Initially the defendant asserts that R.R. 4:88-15(b)(3) and the case of Home Builders Ass'n of Northern N.J. v. Paramus Boro., 7 N.J. 335 (1951), operate to bar the instant in lieu proceeding. The argument is that since plaintiffs failed to appeal from the resolution of the governing body of 1955 rejecting plaintiffs' request for a variance within 30 days, as required by the former version of R.R. 4:88-15(b)(3) applicable to those proceedings, they may not revive the lost right by their present course of action.

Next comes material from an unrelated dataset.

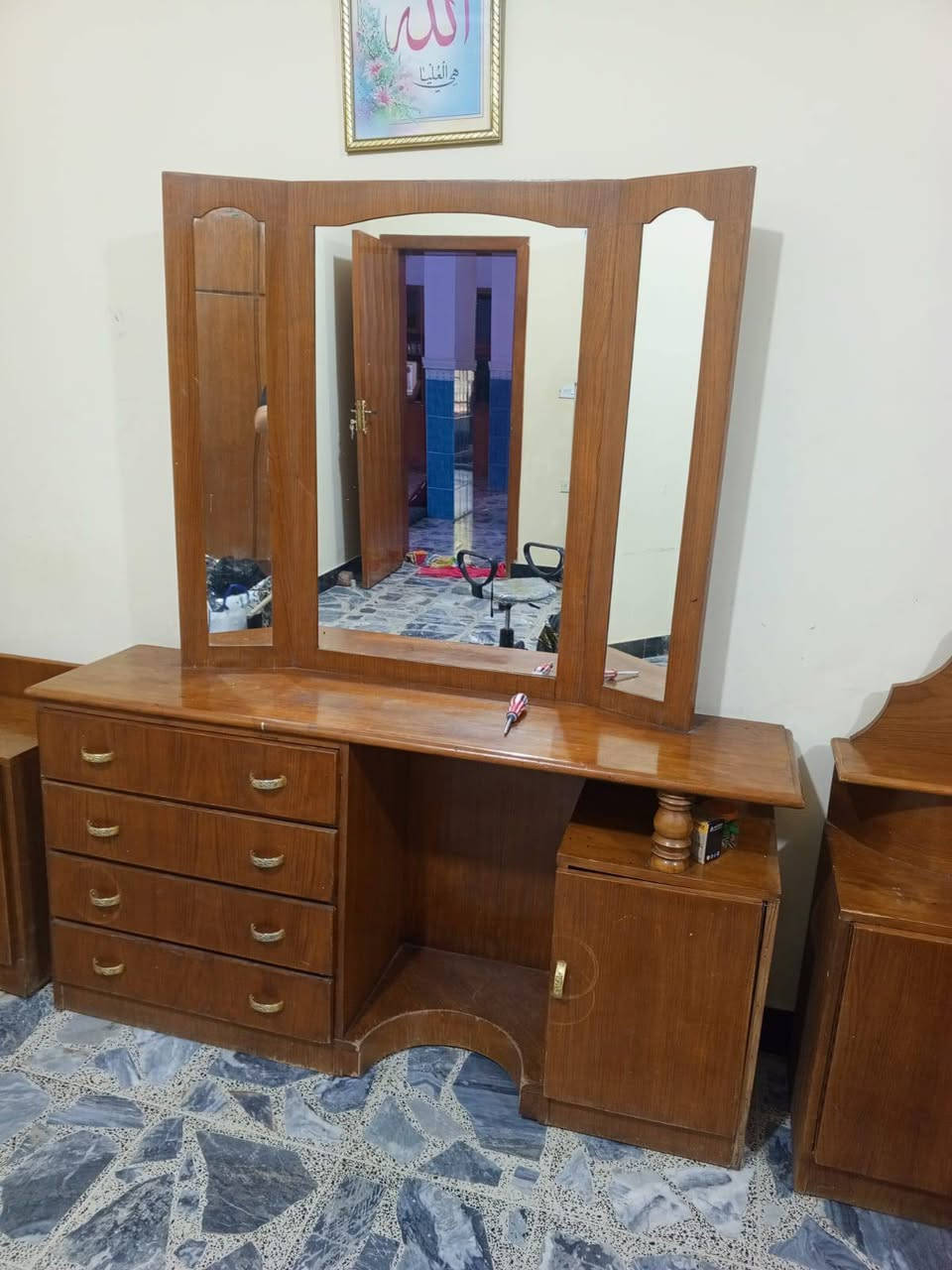 خشاب البيع
رقم ***********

In the Home Builders case, supra, the plaintiff had initially sought a variance which was refused by the board of adjustment. It then applied for a variance, based upon submitted plans which were substantially similar to those initially rejected by the municipality. We held:
"The defendants further argue that the plaintiff, having failed for more than 14 months to appeal the earlier decision of the Board of Adjustment wherein the Board denied the variance sought but granted a lesser variance, may not now be permitted by indirection to review that action merely by the filing of an application for identical relief and the suffering of a denial thereof. There appears in the record before us no semblance of reason for the plaintiff's delay of a year in questioning the Board's earlier action. It appears that the grant of the 25-foot variance made by the Board in 1949 remains unrevoked, and that the Board's action in regard thereto was not appealed. There is no attempt on the part of the plaintiff to show any change in its status nor in the situation or condition of the premises in question, indicative of hardship in the strict application of the terms of the zoning ordinance to an extent not existing at the time of the earlier application in 1949. The plaintiff should not be permitted by indirection to review so much of the decision of the Board of Adjustment of March 8, 1949, as was not acceptable to it. Compare Sitgreaves v. Board of Adjustment of Town of Nutley, 136 N.J.L. 21 (Sup. Ct. 1947), and Crescent Hill, Inc. v. Board of Allendale, 118 N.J.L. 302 (Sup. Ct. 1937). In passing we note our recent rule on this subject, Rule 3:81-15 [now R.R. 4:88-15(b) (3)]." 7 N.J., at page 342.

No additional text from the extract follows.